GUID Keys and DataBase Performance

 Post Reply Post Reply
Author
Customer View Drop Down
Senior Member
Senior Member
Avatar
User Submitted Questions to Support

Joined: 30-May-2007
Location: United States
Posts: 260
Post Options Post Options   Quote Customer Quote  Post ReplyReply Direct Link To This Post Topic: GUID Keys and DataBase Performance
    Posted: 06-Jun-2007 at 11:48am

Question:

What are the impacts of Guid keys on database performance? 

 



Edited by IdeaBlade - 06-Jun-2007 at 12:04pm
Back to Top
IdeaBlade View Drop Down
Moderator Group
Moderator Group
Avatar

Joined: 30-May-2007
Location: United States
Posts: 353
Post Options Post Options   Quote IdeaBlade Quote  Post ReplyReply Direct Link To This Post Posted: 06-Jun-2007 at 12:11pm

“Here is my annotated, Universal Time version of the C# Guid.Comb described in the email that begins as shown below.

I've tweaked the Audit in Cabana to use it.

I still suspect that an Audit table that uses a bigint (long) identity column might be better from a space perspective at least (although you could eliminate the ModTs now and recover that info from the Guid.Comb itself !)

I've kept that version around (Audit2) if anyone cares to see it.”

Ward Bell

Answer (by Ward Bell):

I said that I thought the impact would be marginal. From a space perspective, it is the difference between an 8 byte id (long, bigint) that we typically recommend and the 16 bytes of a Guid.

But I'm not a SQL expert by any means so I thought I'd do a little more research.

WARNING: The following is a long and rambling ensemble of my thoughts and bits clipped from around the net. Read on only if you are interested.

 If I had to sum it up: Guids are tempting but could endanger performance. It appears that Guid.Combs, which are "COMBinations of Guid and current datetime) may be a better approach. Guid.Combs are easily calculated on the client side.

OK - read on if you want. This is more stream of consciousness than I intended as it captures info as I discovered it. I hope to clean it up later.

====

It seems that the performance story is a little more complicated. The way I read it, Guids are often OK; you just have to make sure your application is aligned with Guid strengths and weaknesses.

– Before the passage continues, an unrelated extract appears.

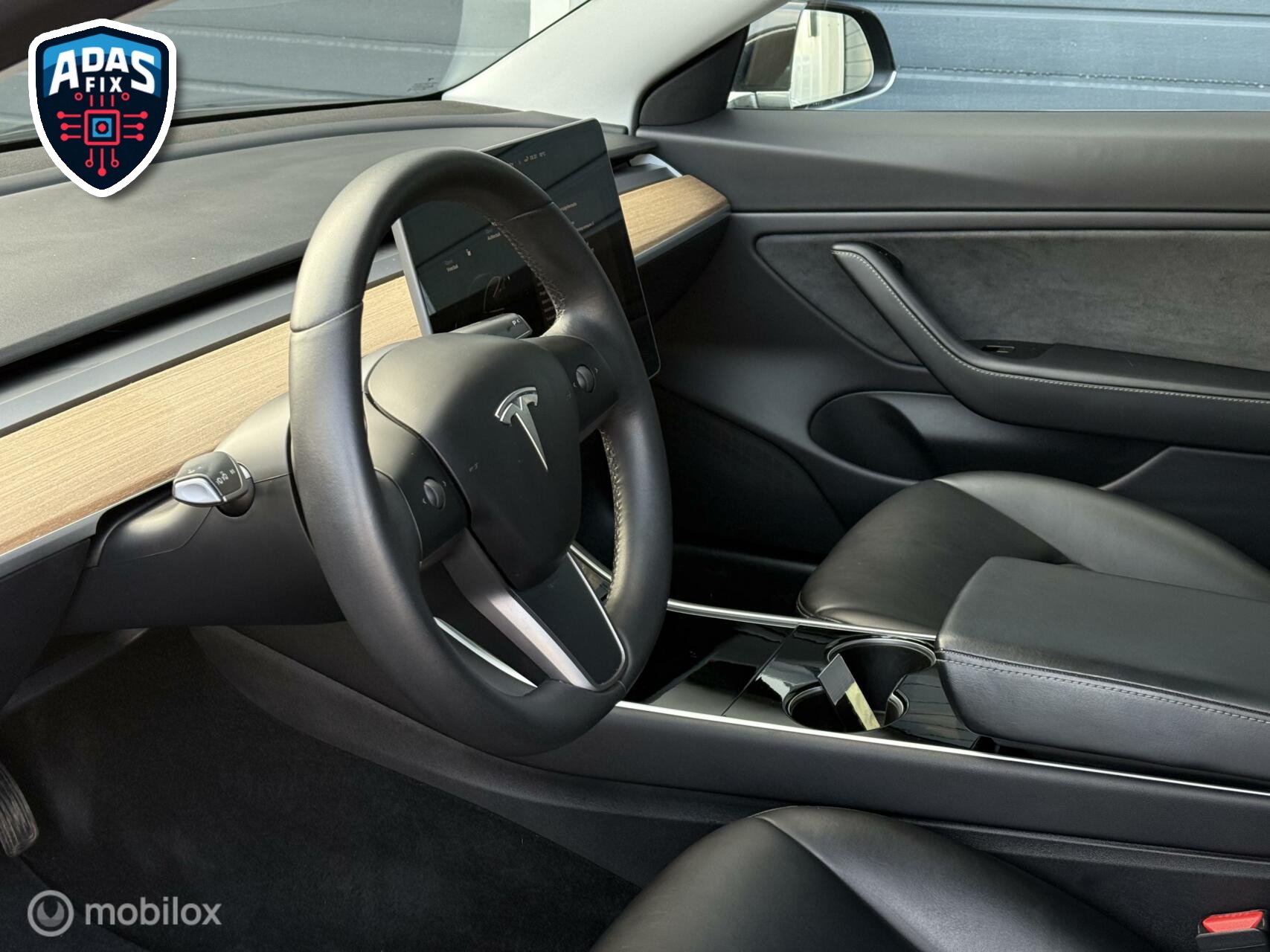 Foto del TESLA MODEL 3 GRAN AUTONOMIA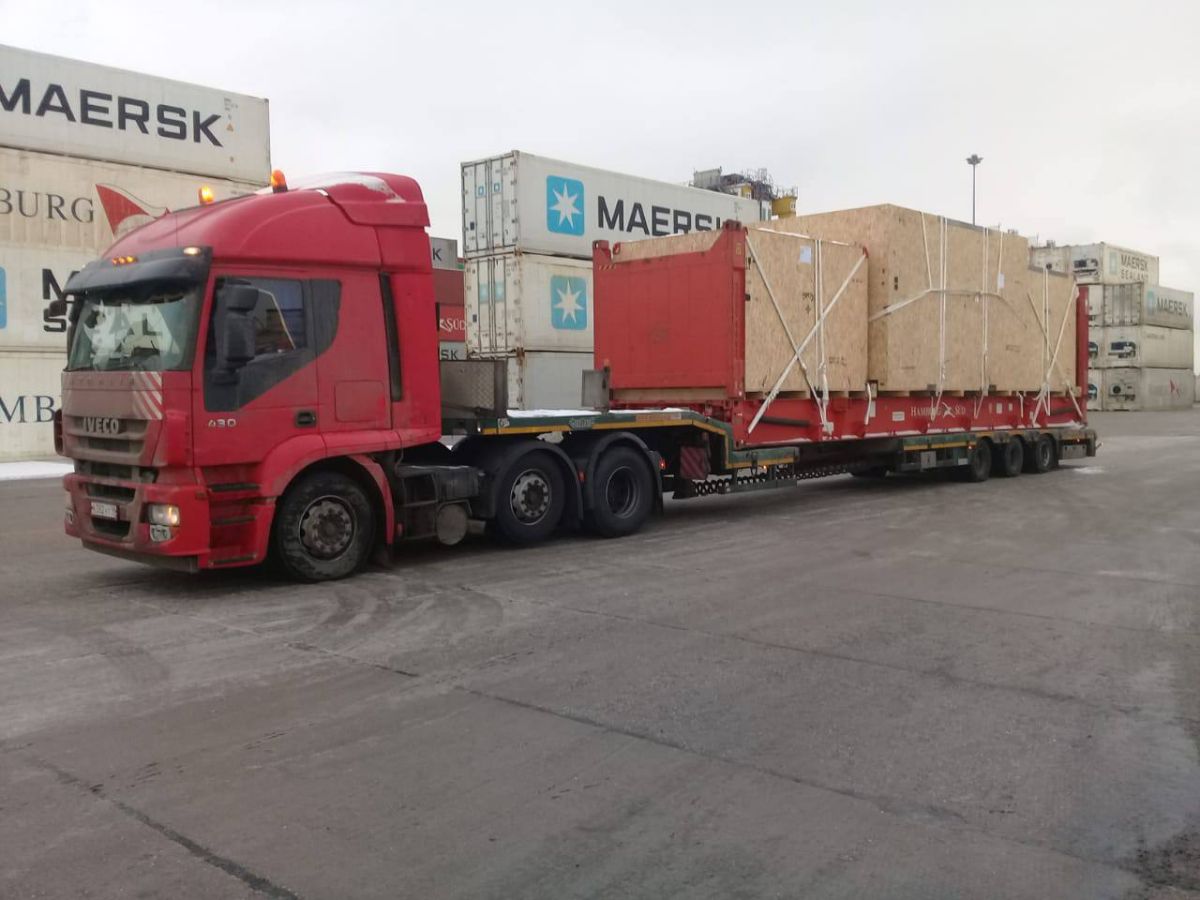 Фура с грузом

 [See below for a discussion of pros and cons]

Their intended purpose is to support records that need global uniqueness and/or in replication scenarios. Any application which expects to operate off-line for a period of time is made much easier to program and maintain by the use of Guids.

On the other hand, performance concerns become serious if you are going to have millions of rows or lots of inserts. Sure we have disk space to burn but disk I/O remains precious and shouldn't be squandered. Guid columns should not be in a clustered index but it is easy to forget that when minting new tables as clustered index is the default for primary keys.

In particular, I am regretting my use of Guids for Audit records because (a) they are never germane to off-line scenarios and (b) we insert them in droves, and (c) we hardly ever do anything with them. We also neglected to make the Guid pk a non-clustered index in our Tutorial database which is an absolutely critical error. Every way I look at them it seems they are the wrong choice for an Audit table. They might make sense if there was a replication issue (e.g., writing to multiple databases and then consolidating them through replication) but even here I'd look to some other trick (e.g, a composite key of {autoincrementing bigint, small-int-marker-for-the-db}.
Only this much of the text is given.